L'étude a répondu aux préoccupations selon lesquelles le corps pourrait conserver de l'énergie pendant les périodes d'activité physique accrue en ralentissant les fonctions de base. Les chercheurs ont constaté que ces fonctions continuent de fonctionner à plein régime, même lorsque les mouvements augmentent. Cette découverte a des implications importantes pour la compréhension des véritables avantages de l'exercice physique et de l'activité physique.
« Plus de mouvement entraîne plus de calories brûlées, point final », a déclaré un chercheur impliqué dans l'étude. « Le corps ne semble pas compenser en ralentissant d'autres processus, ce qui signifie que l'activité physique contribue réellement à la consommation d'énergie quotidienne. »
Les résultats remettent en question les hypothèses précédentes sur le métabolisme humain et l'équilibre énergétique.

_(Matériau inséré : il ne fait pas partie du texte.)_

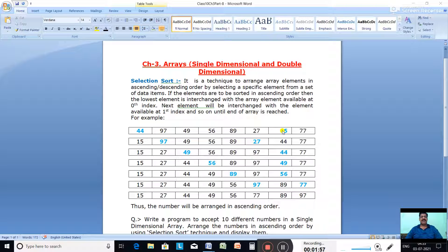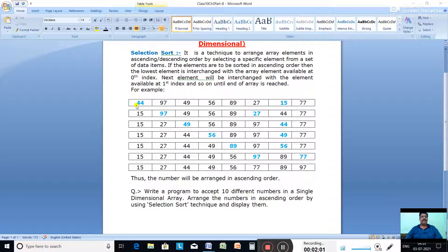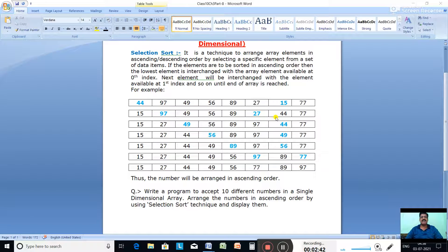Consider this example array: 44, 97, 49, 56, 89, 27, 15, 77. We search for the smallest number using a linear search method. The smallest number is 15, so 15 is brought to the 0th place and 44 goes to where 15 was — the numbers are swapped. Now leaving the 0th place, we search from index 1 onward. The remaining elements are 97, 49, 56, 89, 27, 44, 77. The smallest is 27, so 27 is swapped with 97.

Pendant des années, certains scientifiques ont cru que le corps avait une capacité limitée à brûler des calories et qu'une augmentation de l'activité physique n'entraînerait qu'une diminution correspondante de la dépense énergétique ailleurs. Ce concept, parfois appelé modèle de la « dépense énergétique contrainte », suggérait que les avantages de l'exercice physique pourraient être moins importants qu'on ne le pensait auparavant.
L'étude de Virginia Tech fournit des preuves solides contre ce modèle, suggérant que le corps est plus adaptable et réactif à l'activité physique qu'on ne le pensait auparavant. Cela a des implications pour les recommandations de santé publique, renforçant l'importance de l'exercice physique pour la gestion du poids et la santé globale.
Les résultats de cette étude pourraient également influencer la conception et la commercialisation des moniteurs d'activité physique et autres appareils portables. Les entreprises comme Fitbit et Apple, qui produisent des appareils qui suivent les niveaux d'activité et estiment la combustion des calories, pourraient devoir affiner leurs algorithmes pour mieux refléter l'impact réel de l'activité physique sur la dépense énergétique. Cela pourrait conduire à une rétroaction plus précise et personnalisée pour les utilisateurs, ce qui pourrait les motiver à être plus actifs.
Bien que l'étude fournisse des preuves convaincantes, les chercheurs reconnaissent que des recherches supplémentaires sont nécessaires pour comprendre pleinement l'interaction complexe entre l'activité physique, le métabolisme et l'équilibre énergétique. Les études futures se concentreront probablement sur l'identification des mécanismes spécifiques par lesquels le corps régule la dépense énergétique en réponse à l'exercice physique et sur l'exploration de la façon dont ces mécanismes peuvent varier selon les individus et les populations.